Punishment Park, 1971
Just over 40 years ago the BBC banned the showing on TV of The War Game anywhere in the world. This ban went on for 20 years. The War Game postulated the results of an attack on britain during an all-out nuclear exchange between the west and the soviet union. Since then, my work has been attacked and marginalised in the uk, both by my profession and (with several exceptions) by the press.
In late 1965, at the height of a public crisis over The War Game, the BBC increased its attempt to marginalise my name by announcing on the evening news that I had caused the actors in my earlier BBC film, Culloden, to fall in the battle scenes by hiding trip wires in the heather. This charge was made in the most public manner possible without anyone in the BBC having bothered to verify with the actors in Scotland whether this was true. So much for ‘balance and fairness’.
I left the UK and the years passed. But the marginalization continued. In the 1990s, the British Film Institute collapsed a UK lecture tour on the media crisis which I had planned for their regional theatres, claiming there was ‘insufficient interest’. In this same period, the BFI published their Encyclopedia of European Cinema, which mentions neither my name nor any of my films.
The Time Out Film Guide (UK) has used the same entry under my name for at least 20 years, referring to my work as ‘formal paranoia’. The Journey, The Freethinker and La Commune, films I have managed to produce since the 1980s, are not mentioned in the U.K. Nor are these films, with the rare exception, ever shown.
This professional reaction against my work has been replicated in Scandinavia, Canada, USA, Australia, New Zealand and elsewhere. Official film, TV and education institutions and organizations have not only prevented my films from being seen, they have also reacted with silence to my critiques of the mass media. During our recent residence in Canada, the commissioner of the National Film Board made it clear his country did not need me even as a film teacher, and so we left.
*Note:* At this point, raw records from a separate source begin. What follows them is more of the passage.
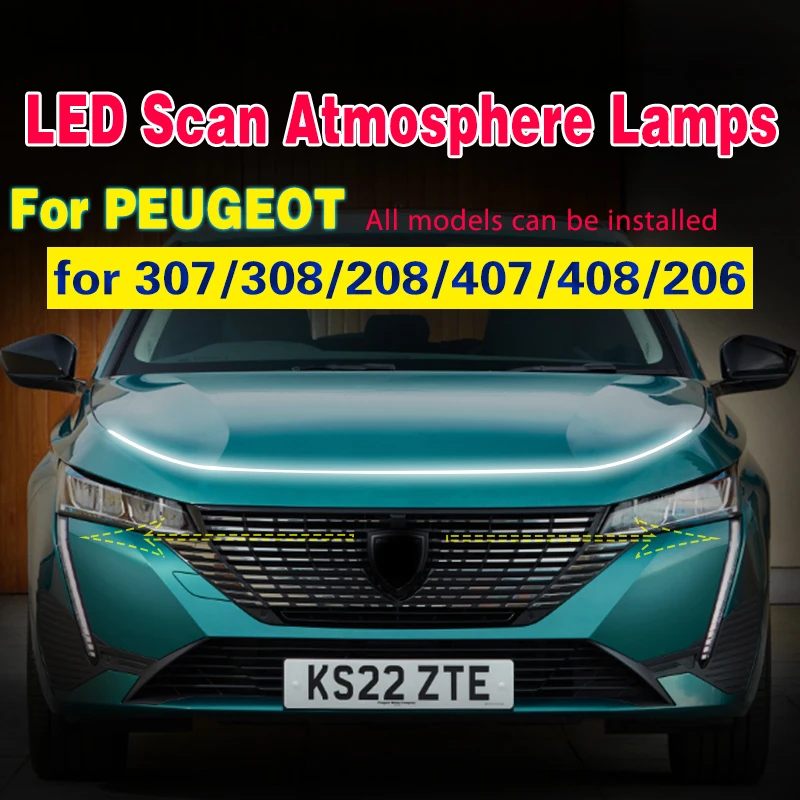 1 шт. светодиодный автомобисветильник светодиодные дневные ходовые огни для Peugeot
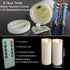 2"x5" Outdoor LED Battery Operated Candles with Timer/Remote Plastic Flickering Waterproof Flameless Candles Wedding Party Halloween Christmas Bir...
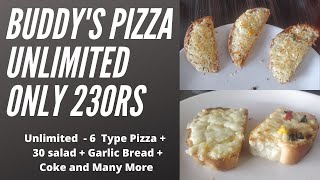 Buddy Pizza Unlimited Pizza 230 only || Ahmedabad || Maru Ahmedabad || DilseVegetarian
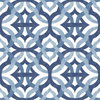 Tipton Blue Peel & Stick Wallpaper, by York Wall, 18'10.8" length x 1'6" width x 0.02" depth thumbnail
What does it all mean?
Punishment Park, 1971
My own answer to this question is that ‘the problem’ arises in the critical media analysis which underlies my films. My work attempts to challenge the so-called ‘documentary’ form – implicitly via the films themselves, explicitly in the numerous public statements I have distributed since the late 1960s. For 40 years I have been trying to help bring about a critical public debate on the role of the mass audiovisual media (MAVM), especially TV and the commercial cinema. For 40 years the MAVM have fought to prevent this debate from happening. For 40 years the MAVM have largely succeeded – including because of the complicity of many media educators who have promoted the media popular culture instead of applying a critical pedagogy in their classrooms.
For reasons too complex to analyze here, Western society has seen fit to block questions regarding the role of the mass audiovisual media. With a few exceptions, the potentially interesting medium of TV has been given the role of ensuring mass distraction and consumerism. The rest of the MAVM (including most TV documentary films and much ‘art-house cinema’) has been invested with the role of providing entertainment, ‘information’ and intellectual stimulation. Very little in these forms of the MAVM allow for widespread public debate regarding their very impact on the social and political process.
In direct relationship to this, there is little debate within the closed corridors of the media about the role of the Monoform (see www.mnsi.net/~pwatkins) or the problems caused by standardizing every aspect of film and TV production. There is little debate about the use of violent images and editing rhythms or the centralized and hierarchical relationship of the MAVM to the public and, most notably, there is no attempt to develop alternative processes which would involve the public in the creation and output of the MAVM.
Given that the MAVM have become the principal driving engine for mass consumption and the onslaught of globalization, I am persuaded that a major reason for the ongoing suppression of my work is that the MAVM are terrified that the public might become critical and demand an end to the present hegemony by TV and the commercial cinema. I believe that the MAVM are becoming aware of their direct relationship to environmental collapse, and are therefore determined to crush any possibility of a critical debate. Back in the 1960s, I made The War Game (with ‘ordinary people’ in every role) with the aim of raising public debate about media silence on the development of nuclear weapons. I have tried to implement a public process in every film I have produced since then, including La Commune (1999), which ARTE-TV, its co-producer in France, subsequently attempted to suppress. Punishment Park (produced in the U.S in 1970) once again involves ordinary people – the citizens of Los Angeles – responding to the history unfolding around them. Matt Palmer, the theatrical distributor of this film in the UK, has produced a website which highlights its tragic relevance to our society today.
This brief statement is meant to convey the idea that the mass audiovisual media could work with and for the public, and directly involve them, in a transference of power. That the tools of the MAVM, which now use countless millions of badly needed dollars to produce masses of audiovisual rubbish to escalate consumerism, could be decentralised and used for genuine (and creative) communication, critical debate, alternative and democratic ways of pluralising society, reconnecting us with our lost history, saving our battered environment and helping exploited people all over the planet.